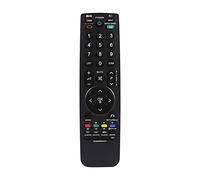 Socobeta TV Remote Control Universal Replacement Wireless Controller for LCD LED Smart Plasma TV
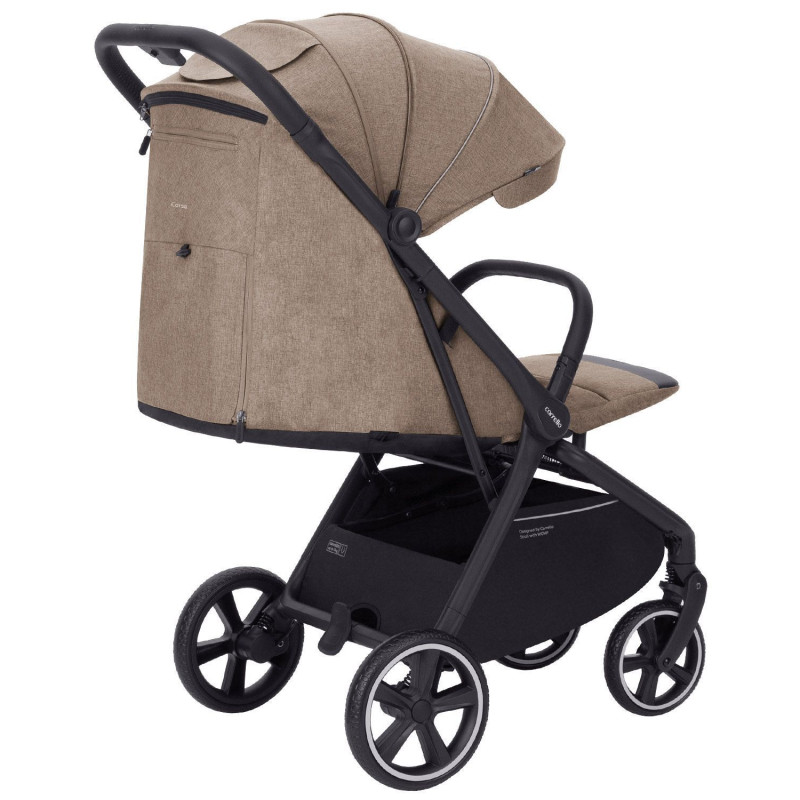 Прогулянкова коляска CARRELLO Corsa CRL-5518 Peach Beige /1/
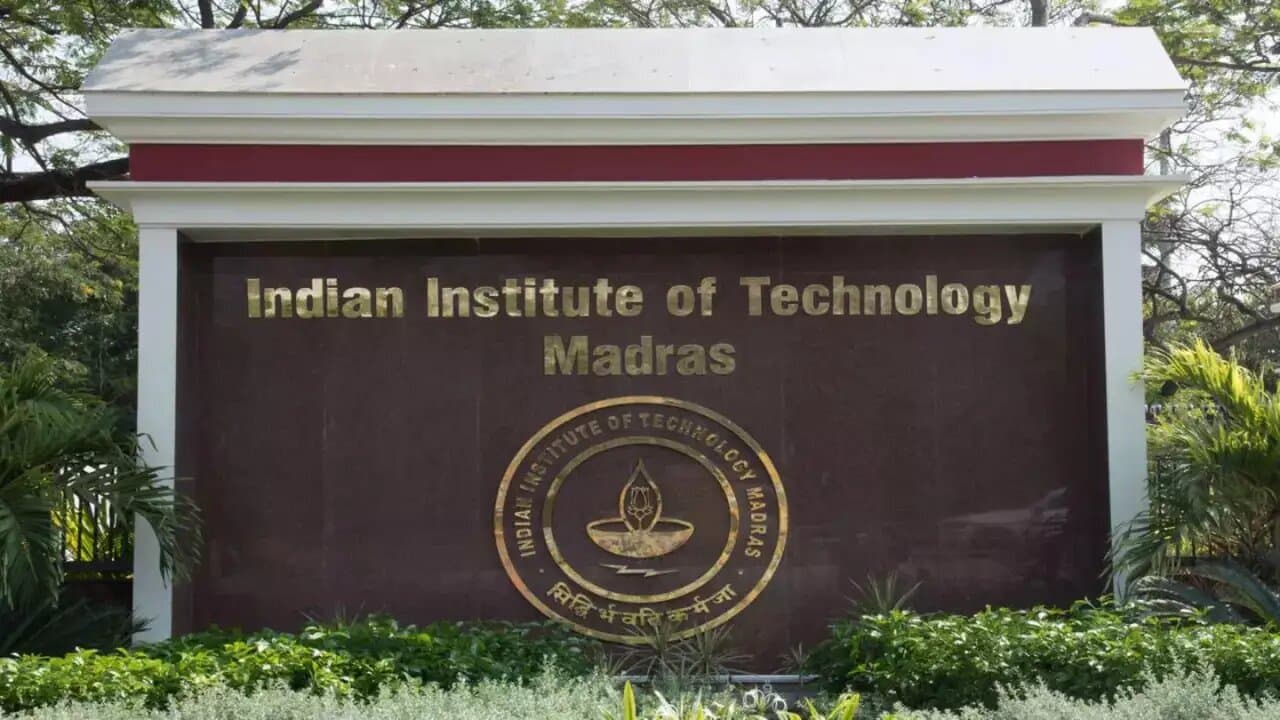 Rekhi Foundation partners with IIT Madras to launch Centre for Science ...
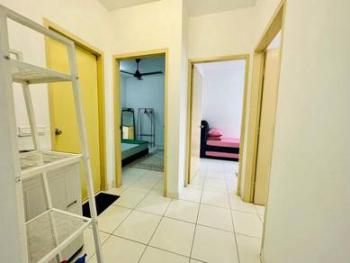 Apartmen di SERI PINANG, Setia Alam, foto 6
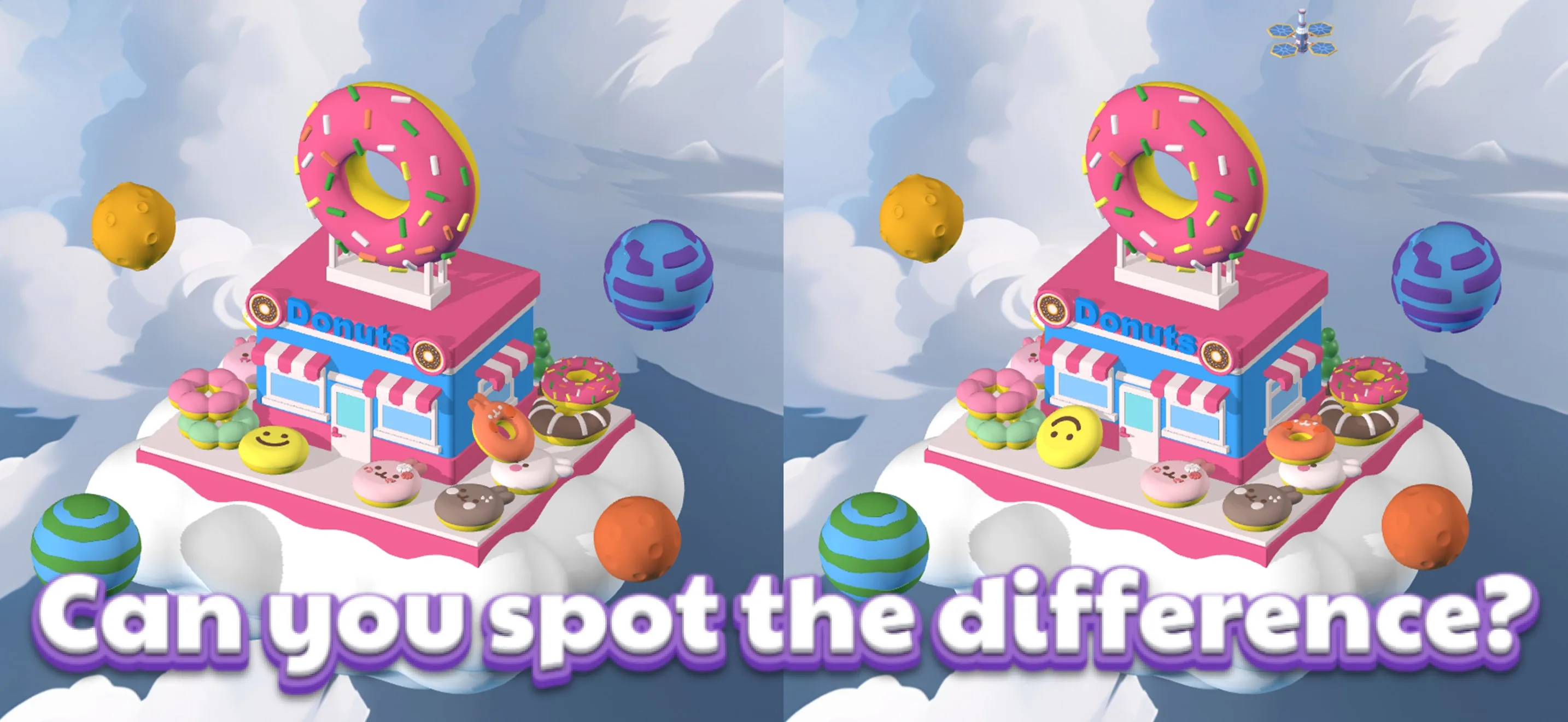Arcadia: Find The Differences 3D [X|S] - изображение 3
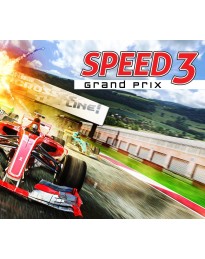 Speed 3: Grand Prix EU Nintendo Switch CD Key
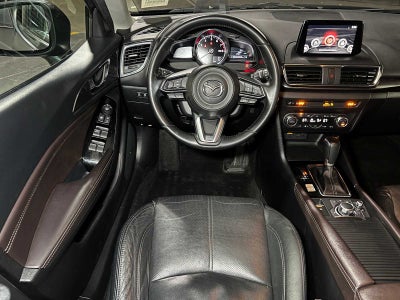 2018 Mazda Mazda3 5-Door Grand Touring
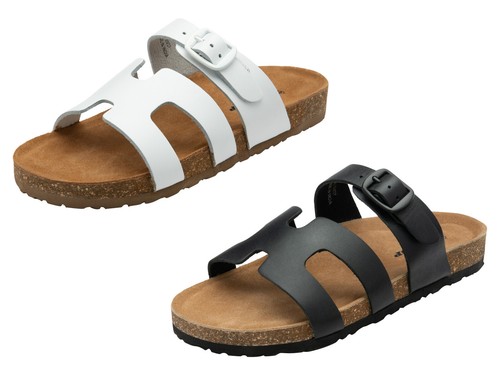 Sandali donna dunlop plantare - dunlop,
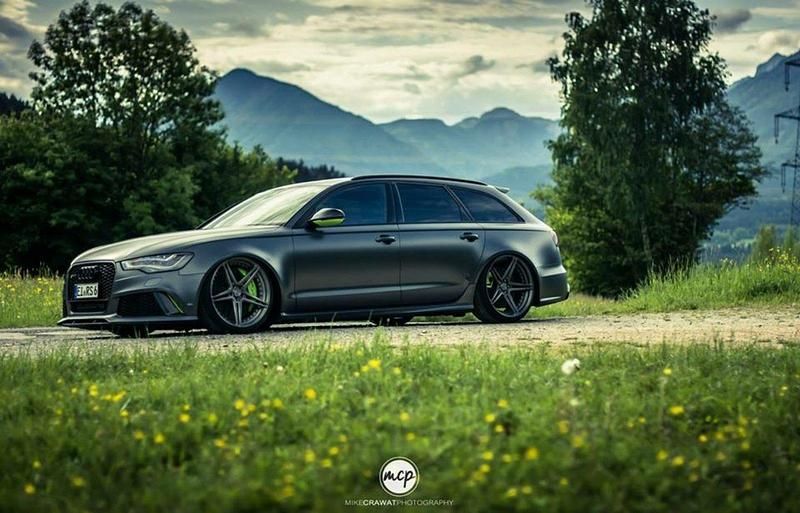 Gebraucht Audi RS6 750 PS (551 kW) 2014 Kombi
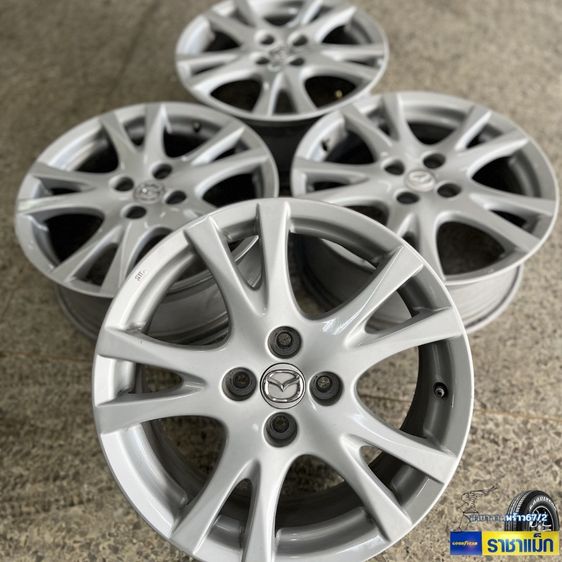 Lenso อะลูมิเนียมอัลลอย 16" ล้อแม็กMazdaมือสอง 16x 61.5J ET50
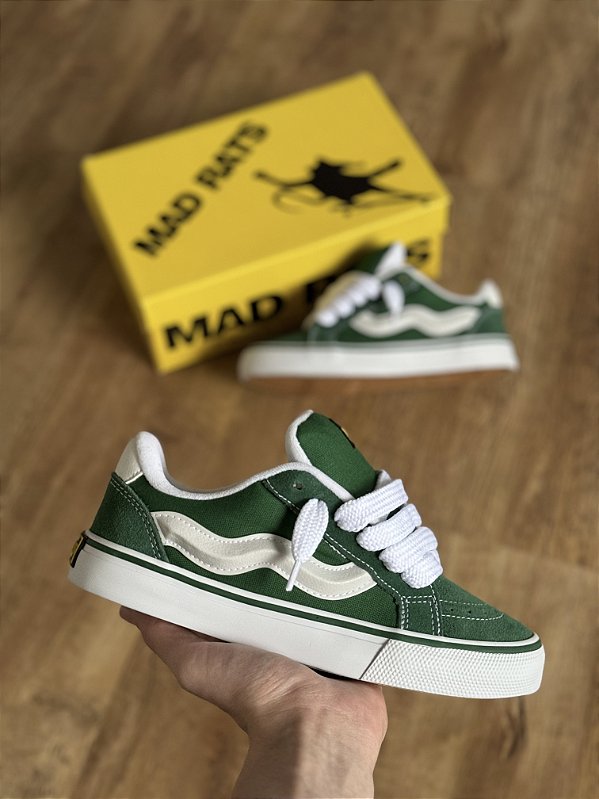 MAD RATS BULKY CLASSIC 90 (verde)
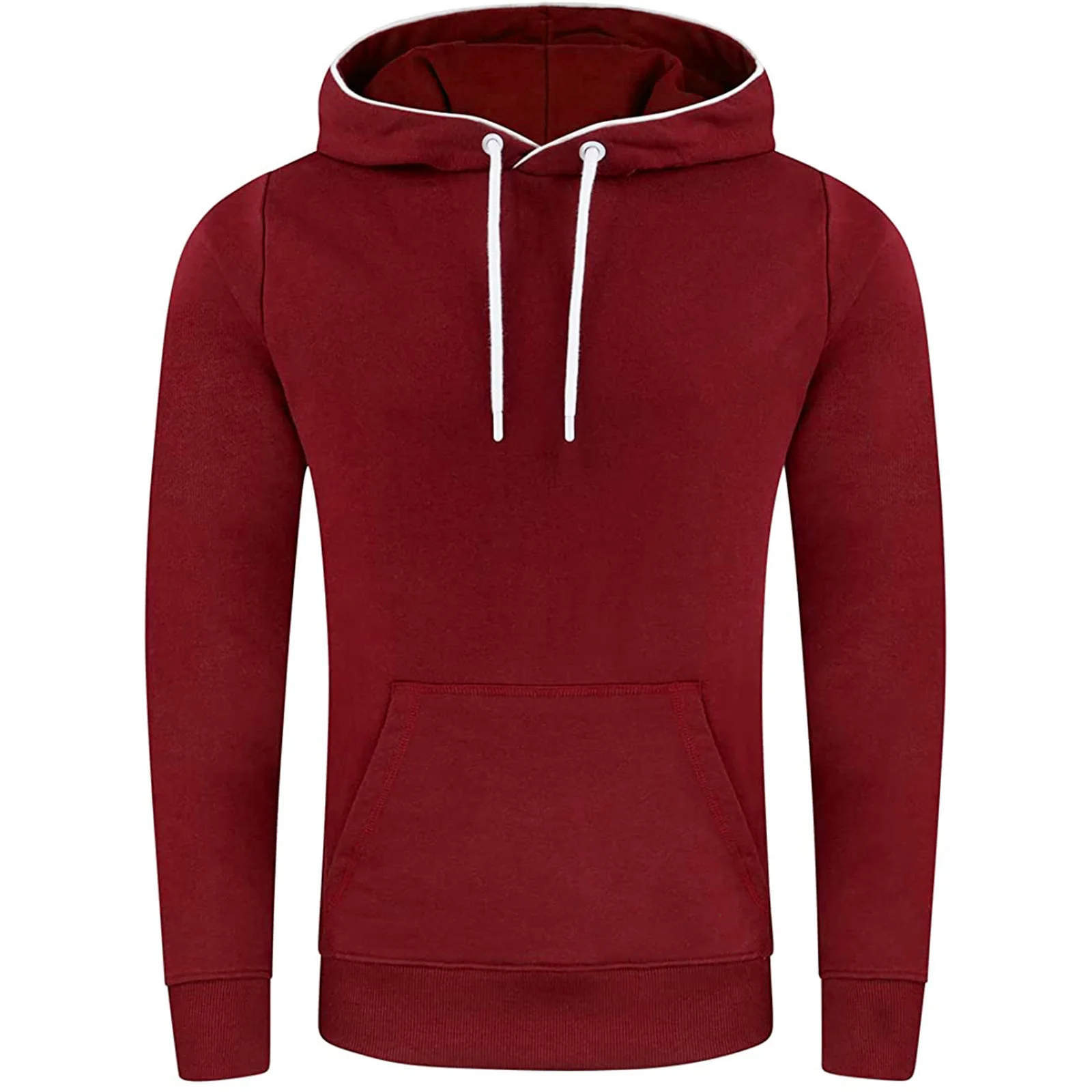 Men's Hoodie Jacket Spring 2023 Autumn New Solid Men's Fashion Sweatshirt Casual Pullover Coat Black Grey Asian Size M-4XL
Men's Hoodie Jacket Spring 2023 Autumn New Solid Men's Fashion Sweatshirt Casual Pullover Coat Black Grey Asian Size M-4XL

○ ○ ○ ○ ○ ○ ○

PROBLEM DESCRIPTION: From the line containing "Arcadia: Find The" through the last line of the entries, copy each line exactly and only those, skipping all pictures.

RESPONSE FOR THIS EXERCISE:
Arcadia: Find The Differences 3D [X|S] - изображение 3
 Speed 3: Grand Prix EU Nintendo Switch CD Key
 2018 Mazda Mazda3 5-Door Grand Touring
 Sandali donna dunlop plantare - dunlop,
 Gebraucht Audi RS6 750 PS (551 kW) 2014 Kombi
 Lenso อะลูมิเนียมอัลลอย 16" ล้อแม็กMazdaมือสอง 16x 61.5J ET50
 MAD RATS BULKY CLASSIC 90 (verde)
 Men's Hoodie Jacket Spring 2023 Autumn New Solid Men's Fashion Sweatshirt Casual Pullover Coat Black Grey Asian Size M-4XL
Men's Hoodie Jacket Spring 2023 Autumn New Solid Men's Fashion Sweatshirt Casual Pullover Coat Black Grey Asian Size M-4XL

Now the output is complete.